## ENTRIES PROVIDED
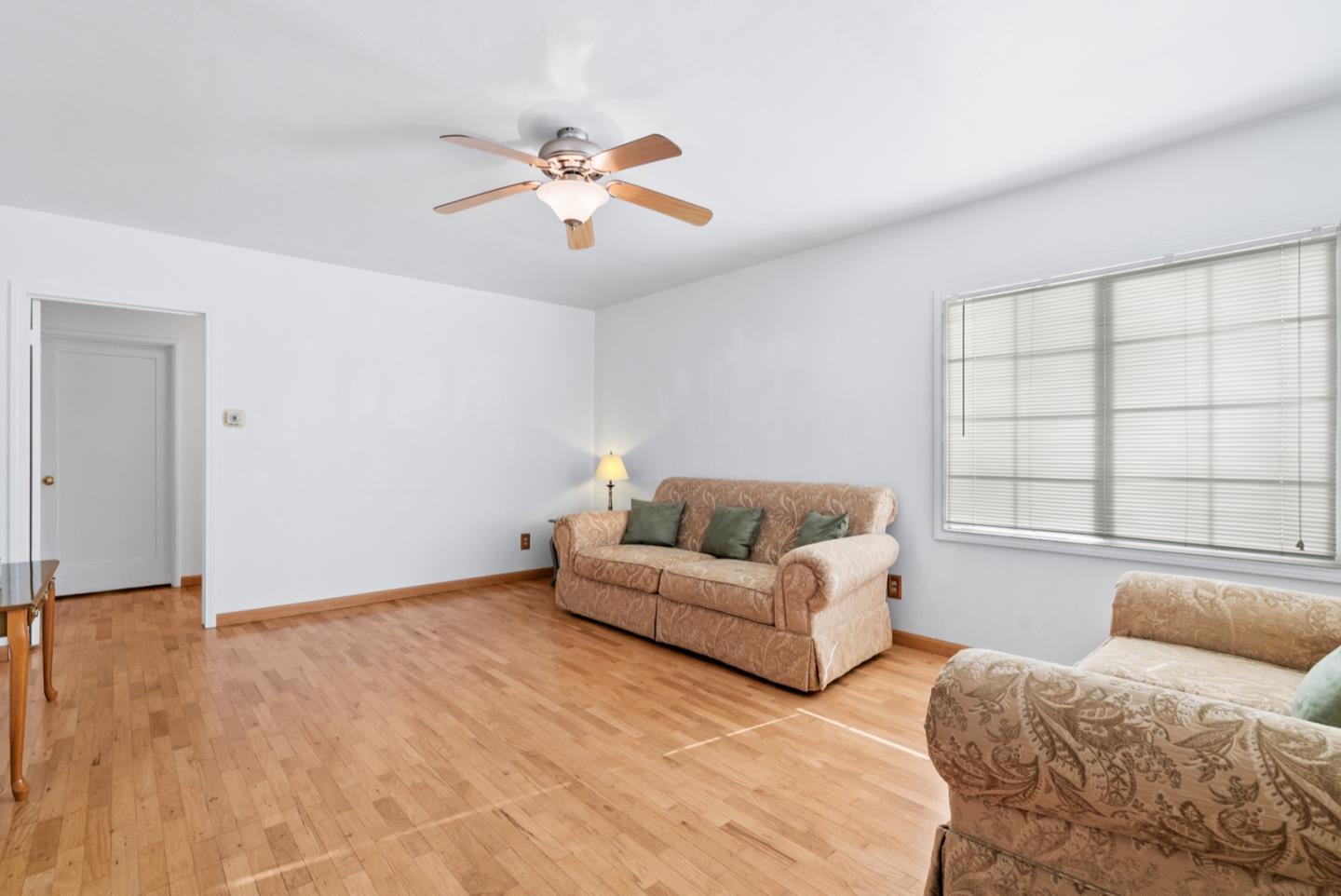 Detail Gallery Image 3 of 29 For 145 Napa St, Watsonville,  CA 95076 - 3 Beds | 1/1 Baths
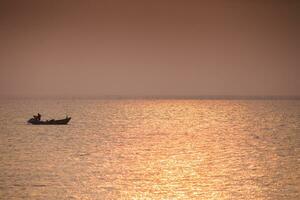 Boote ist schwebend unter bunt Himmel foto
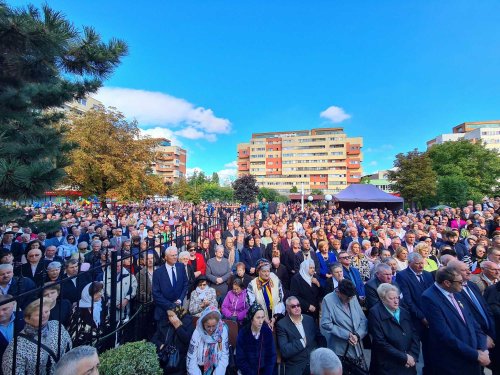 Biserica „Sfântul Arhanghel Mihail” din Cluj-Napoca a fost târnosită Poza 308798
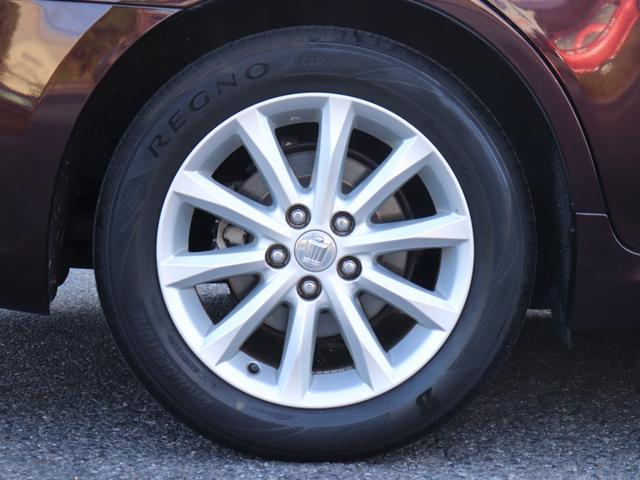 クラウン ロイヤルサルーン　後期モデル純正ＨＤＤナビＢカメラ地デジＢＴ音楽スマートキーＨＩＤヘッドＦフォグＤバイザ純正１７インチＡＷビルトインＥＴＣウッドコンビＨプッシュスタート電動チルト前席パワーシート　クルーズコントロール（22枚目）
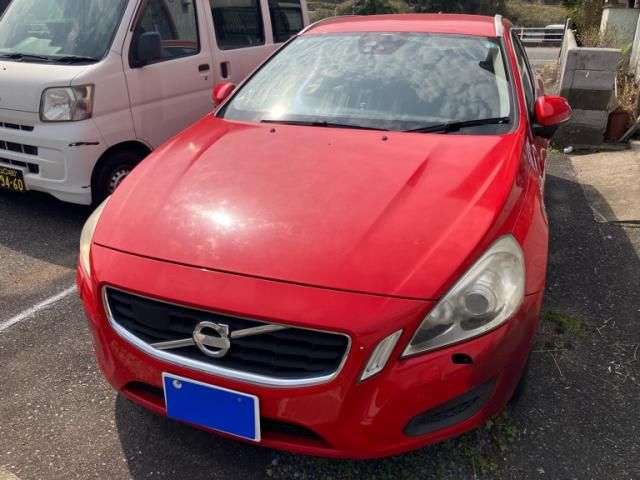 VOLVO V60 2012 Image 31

## THE PROBLEM
Output a verbatim copy of the entries and skip the pictures.

## EXERCISE RESULT
 Detail Gallery Image 3 of 29 For 145 Napa St, Watsonville,  CA 95076 - 3 Beds | 1/1 Baths
 Boote ist schwebend unter bunt Himmel foto
 Biserica „Sfântul Arhanghel Mihail” din Cluj-Napoca a fost târnosită Poza 308798
 クラウン ロイヤルサルーン　後期モデル純正ＨＤＤナビＢカメラ地デジＢＴ音楽スマートキーＨＩＤヘッドＦフォグＤバイザ純正１７インチＡＷビルトインＥＴＣウッドコンビＨプッシュスタート電動チルト前席パワーシート　クルーズコントロール（22枚目）
 VOLVO V60 2012 Image 31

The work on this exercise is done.